• Work item
Retype the listing below line for line, but only from the line with "女装 圆领收腰连衣裙子修身 鱼尾裙气质时尚 马天奴秋冬新款 法式 优雅" down to the line with "Casablanca Paris White", inclusive. Pictures stay out.

• Excerpted records
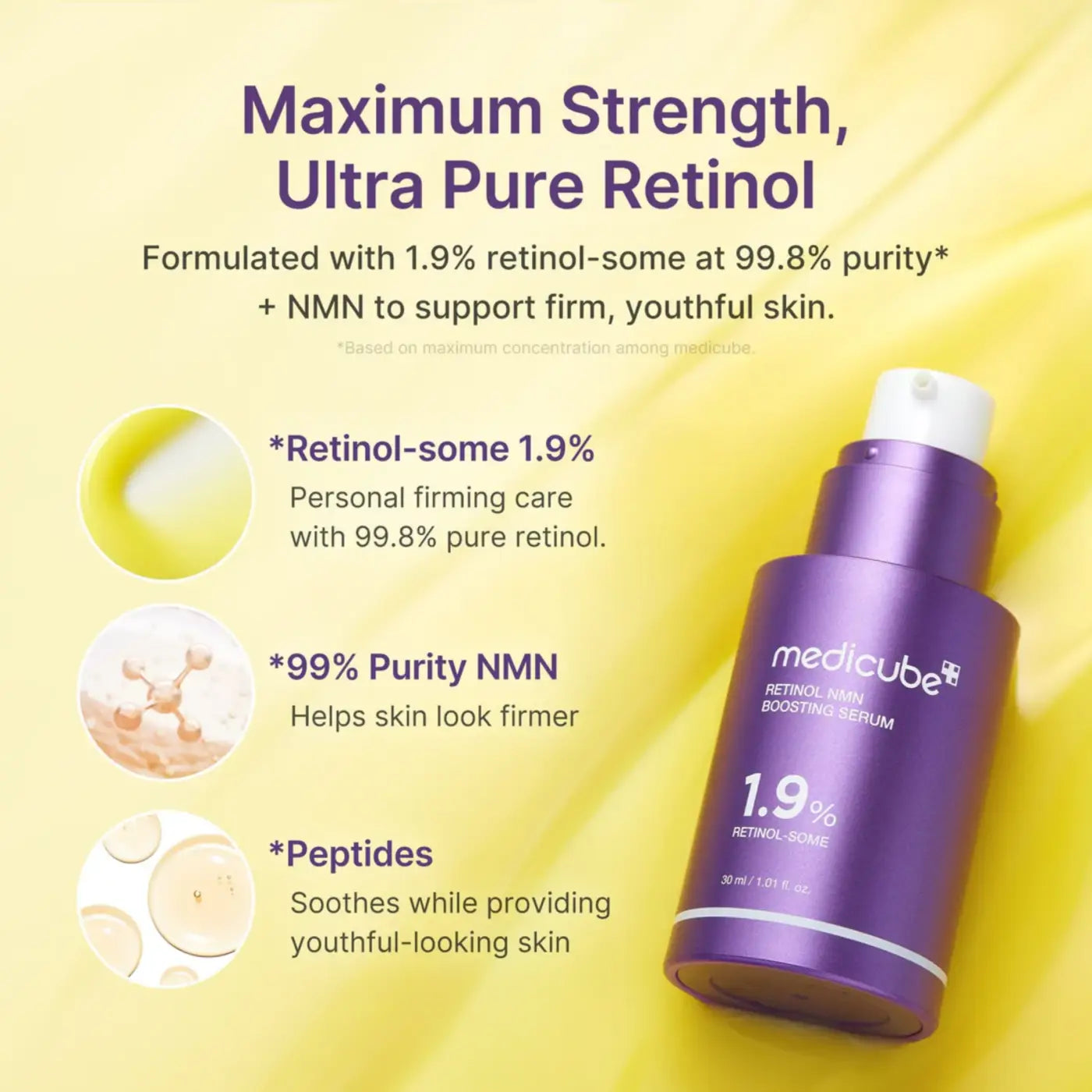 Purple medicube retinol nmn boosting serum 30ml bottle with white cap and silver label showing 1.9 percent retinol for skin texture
* * *
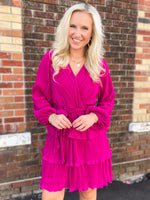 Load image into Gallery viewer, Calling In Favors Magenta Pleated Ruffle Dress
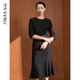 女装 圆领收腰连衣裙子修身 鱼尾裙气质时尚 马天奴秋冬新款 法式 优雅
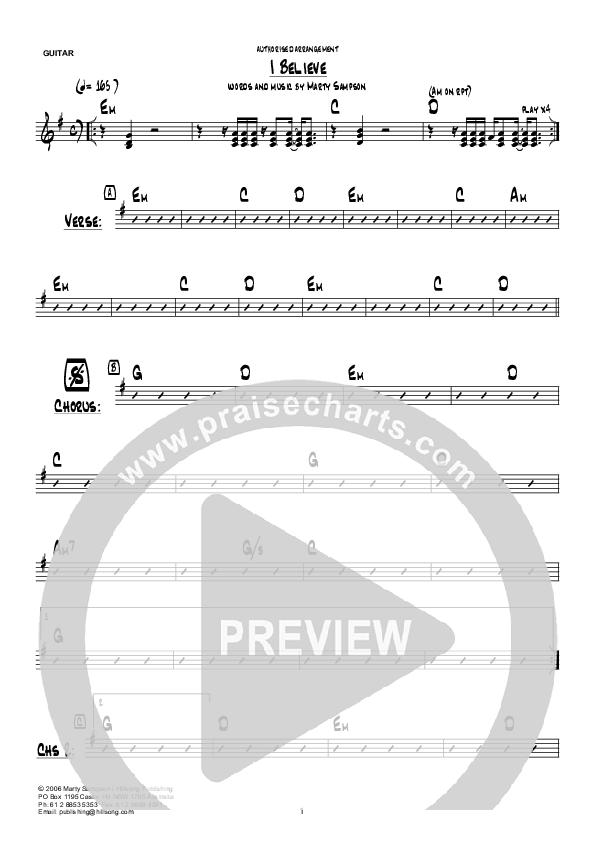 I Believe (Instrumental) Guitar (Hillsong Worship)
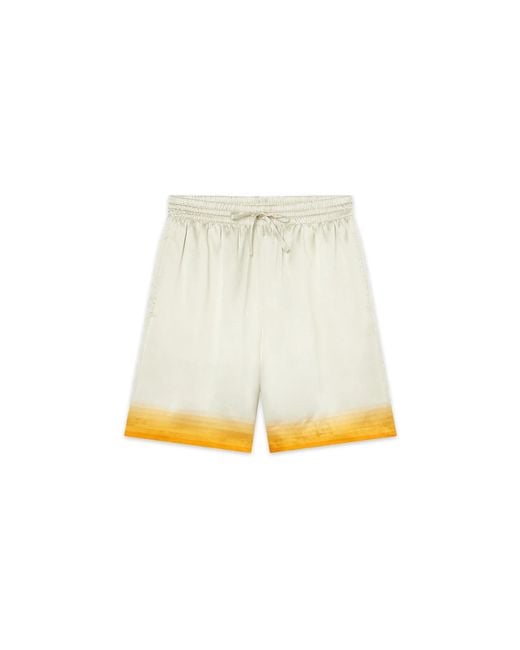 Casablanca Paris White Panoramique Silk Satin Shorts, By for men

• Answer to this task
 女装 圆领收腰连衣裙子修身 鱼尾裙气质时尚 马天奴秋冬新款 法式 优雅
 I Believe (Instrumental) Guitar (Hillsong Worship)
 Casablanca Paris White Panoramique Silk Satin Shorts, By for men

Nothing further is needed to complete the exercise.